During the following two days I participated in an advocacy training workshop organised by Oxfam with twenty-five partner organisations. I was impressed by the knowledge and the skills of the participants, discussing at ease their different advocacy tools and sharing their experiences in long-standing campaigns, from succeeding in getting the Education Act adopted with ‘My Rights’ campaign to the Disaster Management Act. I was thrilled to facilitate the session around the upcoming elections in Bangladesh where the participants came up with clear cut messages that would unite their work around budget tracking, right to food and Adivasi recognition as a minority.
Later on, a heavy storm threatened to interrupt our imminent walk to meet with the EU Delegation to Dhaka. It was at this point that Oxfam Bangladesh’s campaigning material came under scrutiny. Luckily, their GROW umbrella, with the campaign line of ‘Food.Life.Planet’ emblazoned on the colourful tool, passed the test with flying colours, ensuring we reached the meeting without getting wet.
We met with four staff working in development cooperation at the EU Delegation joined and a lively exchange ensued. They were surprised about our assessment of the EU as a donor that is willing to fund certain activities perceived as ‘risky’, such as human rights or good governance, as well as actions that bring intangible but fundamental results such as policy change in climate action. We made our case in connecting climate change work from local –through our programs adaptation- to national –through engaging with the Bangladesh civil society platform- to regional –through the recent Bangladesh lobby tour to Brussels and Paris meeting EU institutions and the French Government- to global – through our engagement towards the next climate meeting in Warsaw.

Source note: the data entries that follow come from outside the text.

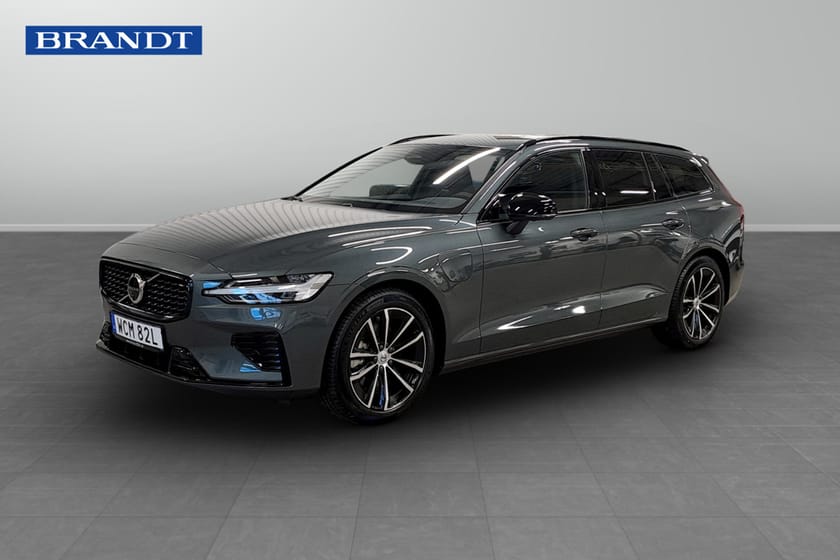 Bild 1 av Volvo V60 T6 Plus Dark Nordic Edition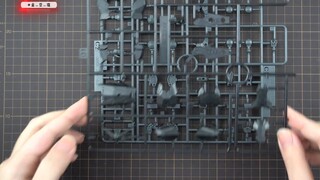 [การประกอบเต้าหู้ปลา] Bandai 30MM Spinati Warring States Type 丨ประเภท Ninja และ Spinatia Assassin Ty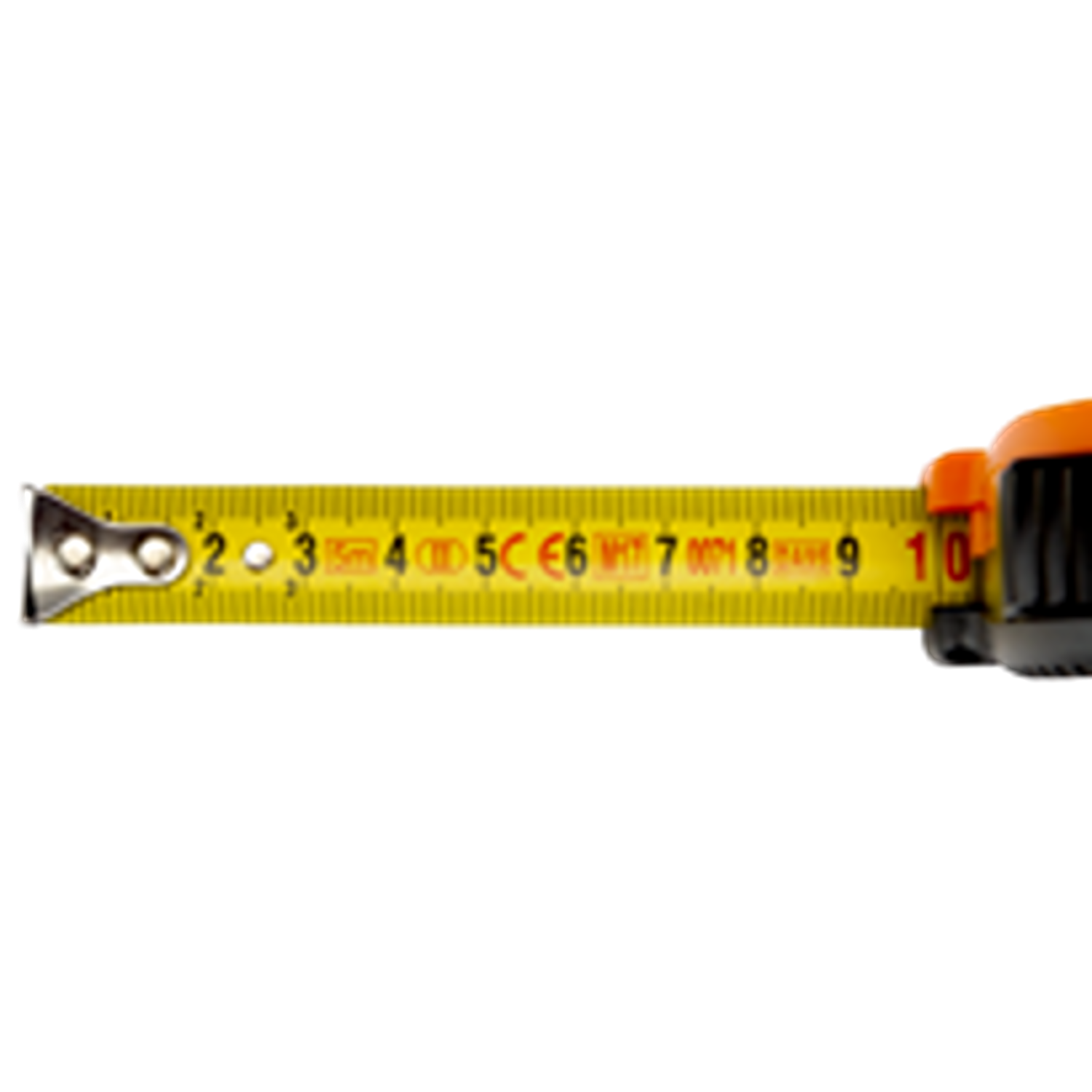 BAHCO MTC_C2 Short Measuring Tape with ABS Grip Compact Class-II - Premium Measuring Tape from BAHCO - Shop now at Yew Aik.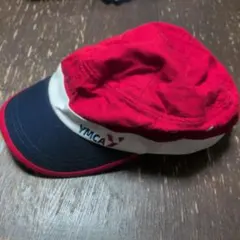 YMCA キャップ 　帽子
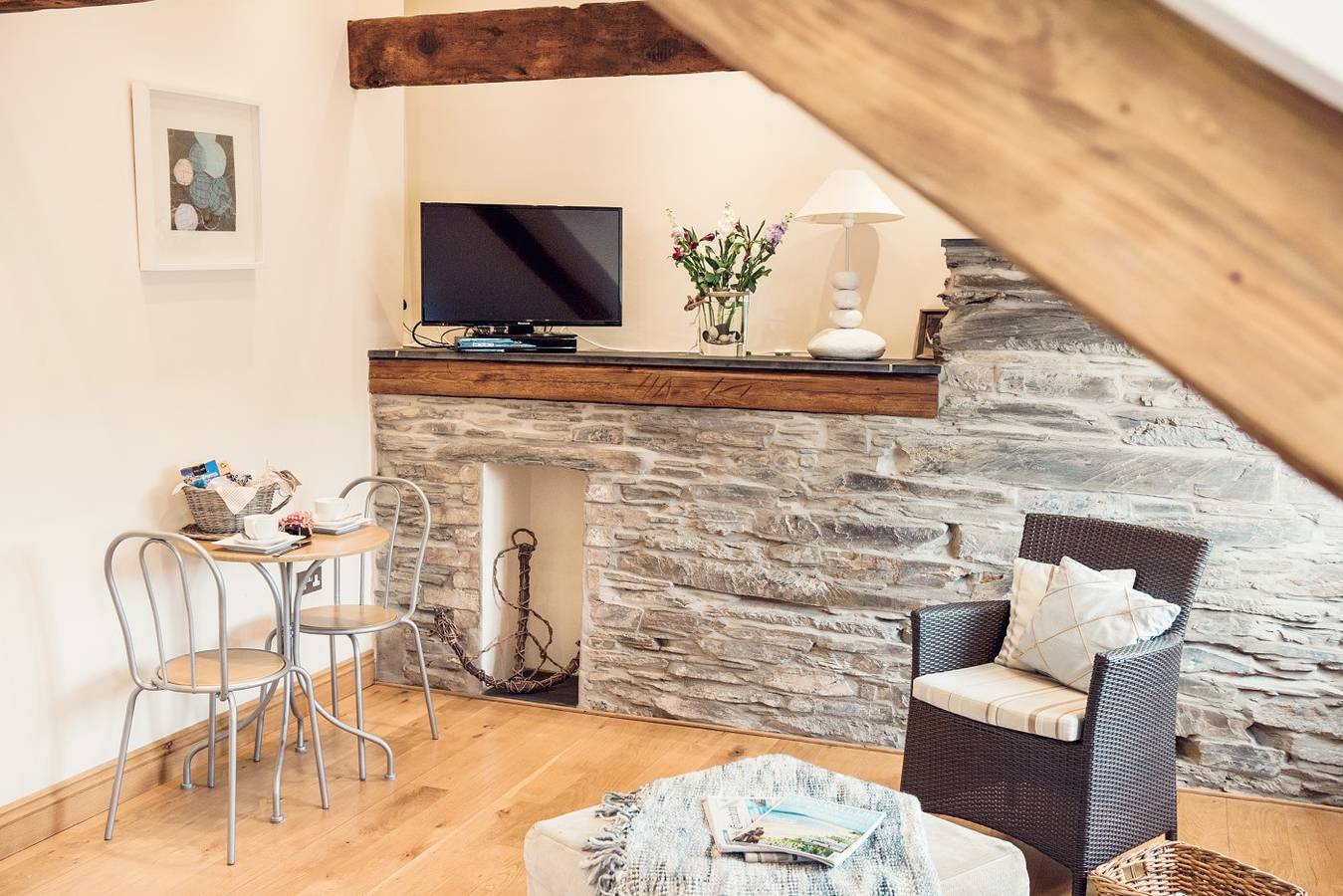 Apartamento vacacional entero, Apartmentsleeps3-Garden-Hottub-Parking in Padstow, Cornualles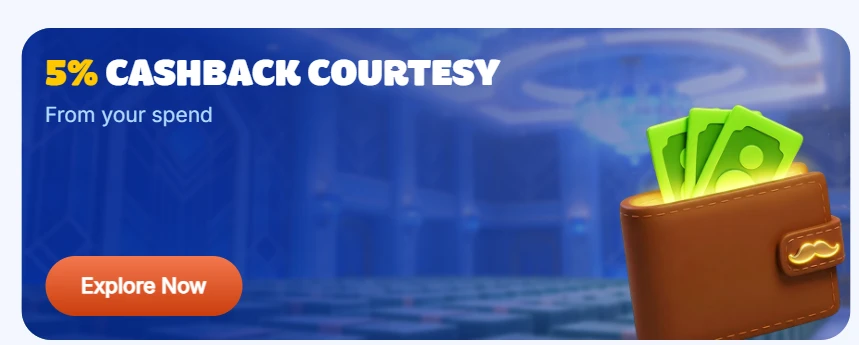 mr bet cashback bonus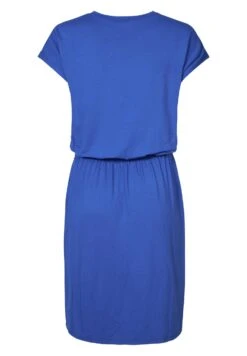 Vera - Jurk - Cobalt -Mode Dames Winkel 151d75e934964cb38c9571d6db098a60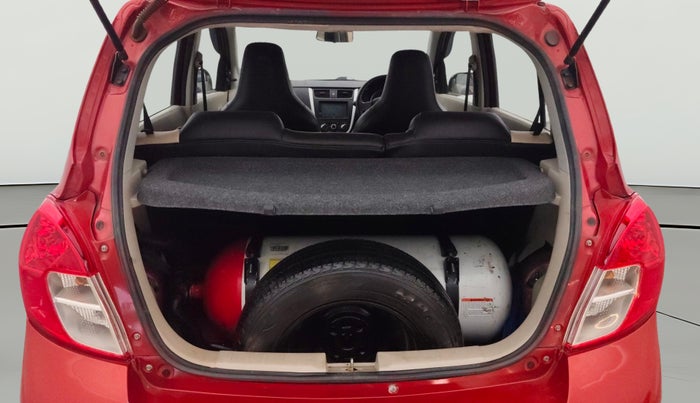 2019 Maruti Celerio VXI (O) CNG, CNG, Manual, 44,583 km, Boot Open Zoomed View
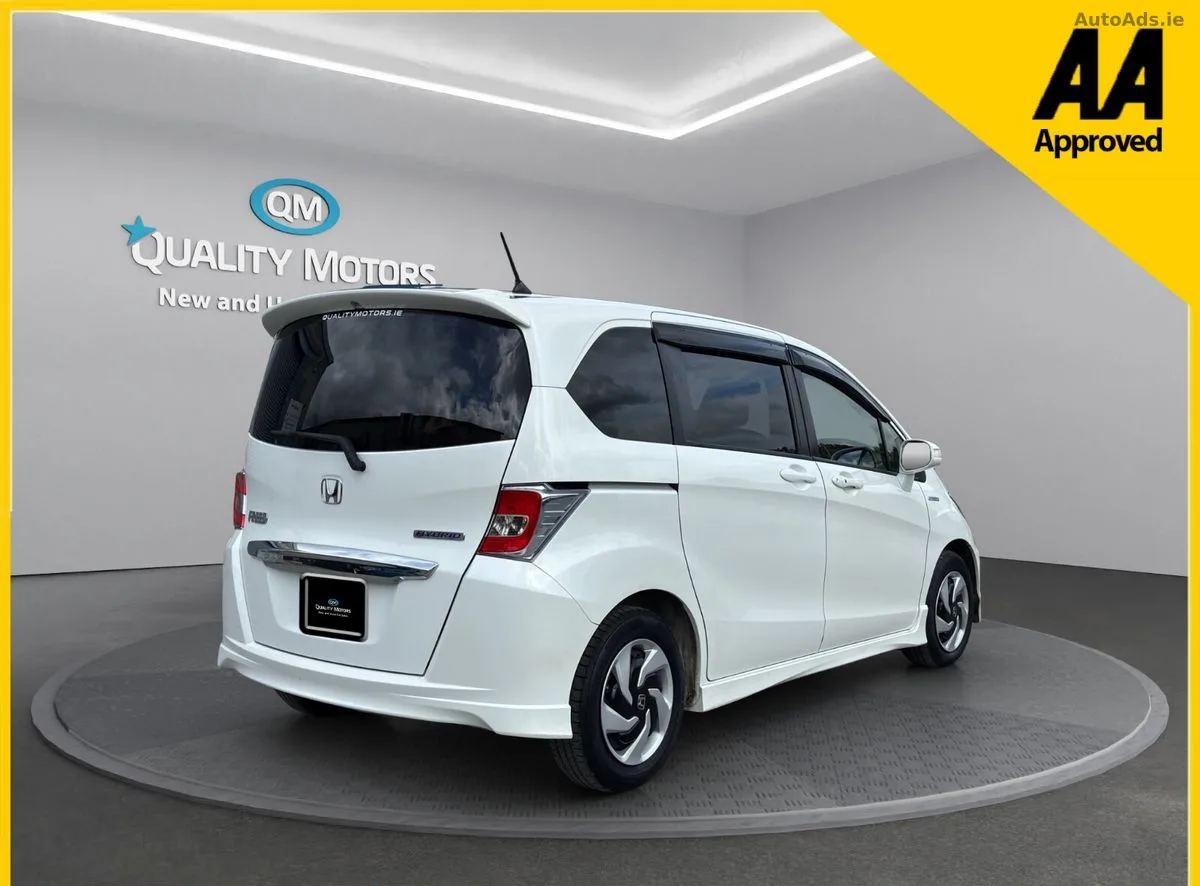 2015 Honda Freed – photo 7
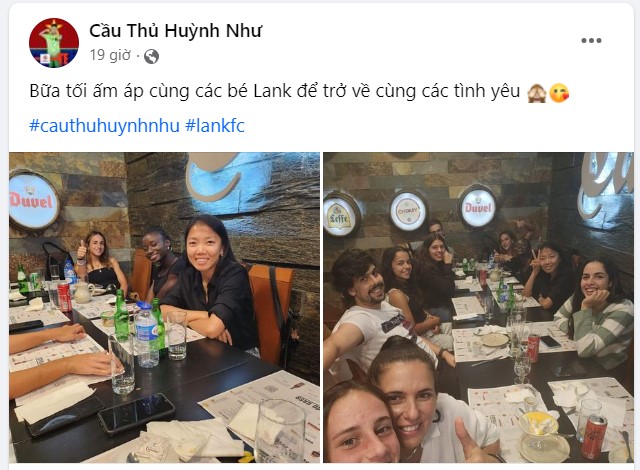 Tin bóng đá tối 23/10: Huỳnh Như gây bất ngờ trước khi rời Lank FC; HLV Park có bến đỗ mới ở ĐNÁ?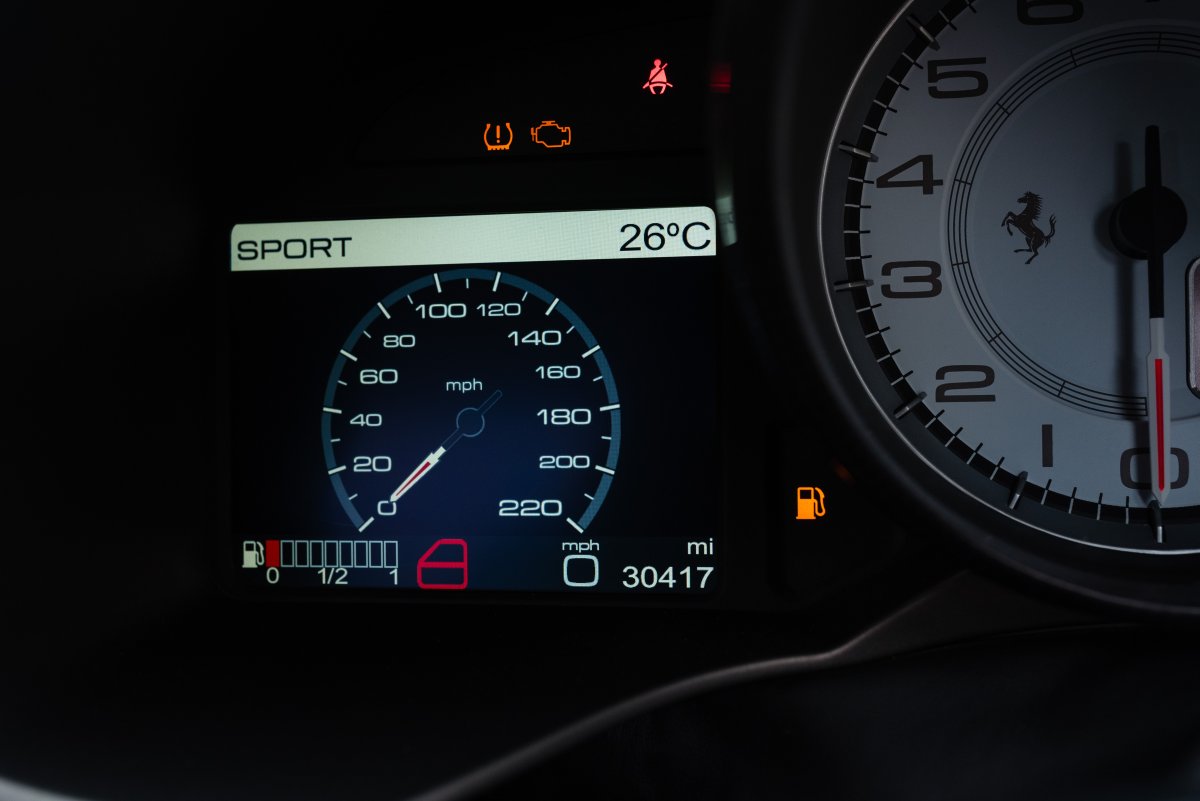 2014 Ferrari F12 Berlinetta For Sale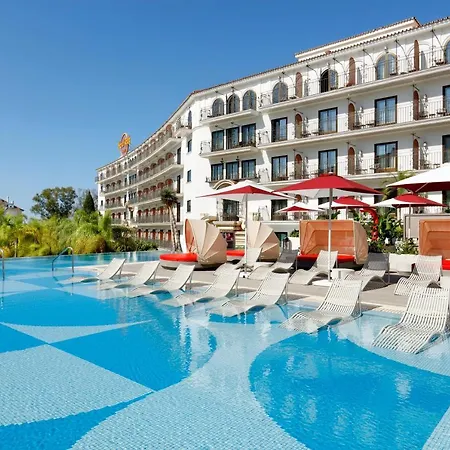 Hard Rock - Puerto Banus (adults Only) Hotel 4*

These links are one of Oxfam’s added values as a global organization focusing on advocacy.
We also pushed them to take up the challenge and actively engage with the robust, diverse and varied civil society organisations in Bangladesh. They agreed that it should be a long-standing engagement and not a ‘tick-the-box’ exercise. Although it is not an easy task, establishing channels for policy dialogue can be very rewarding and beneficial to both sides. Oxfam in Bangladesh is a fantastic pillar on which to build this engagement, with a team that has vision and a strong drive, a ‘djjin’ -as some would say- to make change happen.
On my last day in Dhaka, I wished that the political turmoil ahead of the elections does not turn into a deeper conflict and that rickshaw-wallahs get a priority lane in the chaotic Dhaka traffic!